Why did you put "count" in memory instead of ecx with push/pop or in edx?
What happens if you make all variables register based?
What happens if you rescale 5000 and use "rep movsd"? Aligned moves? "fast
strings" crossing a page boundary?
Rod Pemberton
wolfgang kern
"bartc" wrote:
> I've encountered a very strange problem with the timing of a block
> transfer demonstrated by the following loop.
> I have two memory blocks p and q, both n=8192 bytes, allocated using C's
> malloc routine.
> I then copy 5000 bytes from p to q, repeating this one million times.
> This takes 3.2 seconds with n=8192. But if I change n to 8000, it takes
> only 0.6 seconds!
> I can understand that malloc adds extra information to the block so that
> it is a bit bigger than my 8192 bytes, but what could it be about the
> block addresses that would cause rep:movsb to take 4 times as long to
> execute?
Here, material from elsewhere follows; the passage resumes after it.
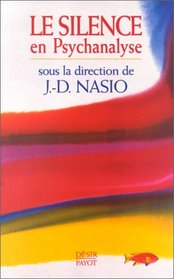 Le Silence en psychanalyse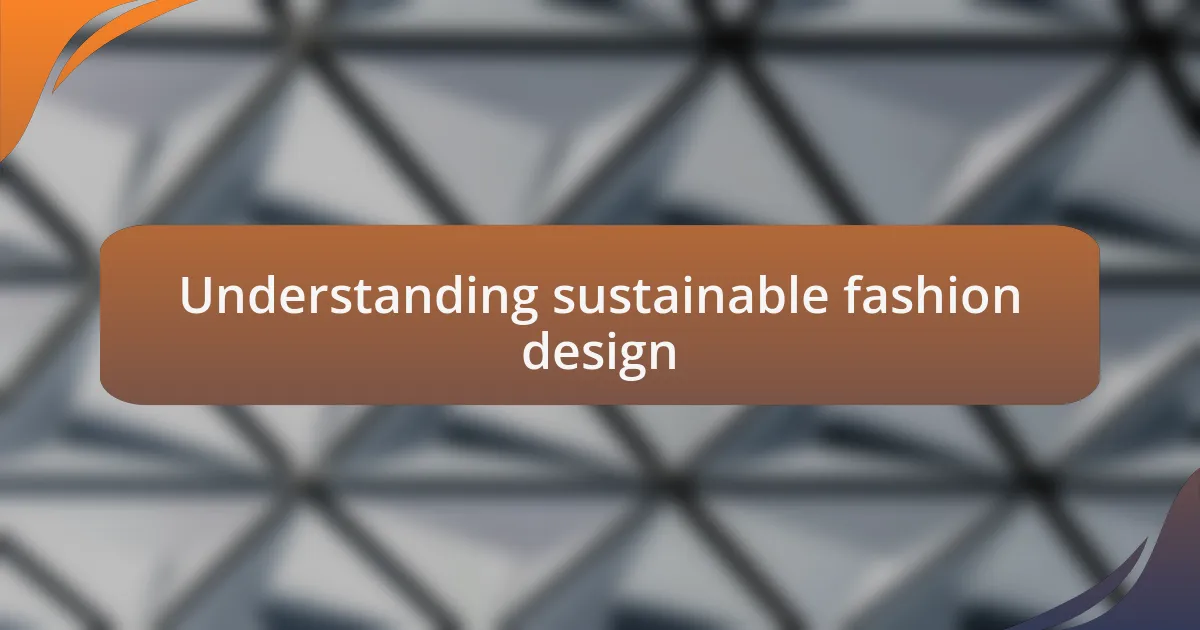 Understanding sustainable fashion design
Using n=9000 also results in a 0.6 second timing, and anyway I'm
> always accessing only 5000 bytes in the loop.
I really can't tell what C may do here, but if your p and q aren't
aligned to dw- or even page-bounds, then I'd see a bug in this _malloc.
Debugging could reveal the truth ...
btw: I'd use REP MOVSB (byte variant) only if really required
ie: overlapping ranges 'and' dest.-addr > source-address,
this need to work from the end with a set direction bit.
Even Pre- and/or Post-Alignment of REP MOVSD-loops with single
byte/word- moves isn't possible if both block-addresses weren't
aligned, it will gain speed if the REP-loop works just on MOVSD.
Best would be to have all data stored at aligned (dw/qw/cache-line) bounds
and (often impossible ie: text, but) use cache bounds matching blocksize.
__
wolfgang
gil_johnson
On Dec 17, 12:48 pm, "bartc" <ba...@MUNGED.microcosmotalk.com> wrote:
>[...]
> I copy 5000 bytes from p to q, repeating this one million times.
>
> This takes 3.2 seconds with n=8192. But if I change n to 8000, it takes
> only 0.6 seconds!
> Using n=9000 also results in a 0.6 second timing, and anyway I'm always
> accessing only 5000 bytes in the loop.
I know it would be a pain, but can you find where n changes the
timing? What happens if n=8191, 8193, 8192+256, 8192-1024, etc.?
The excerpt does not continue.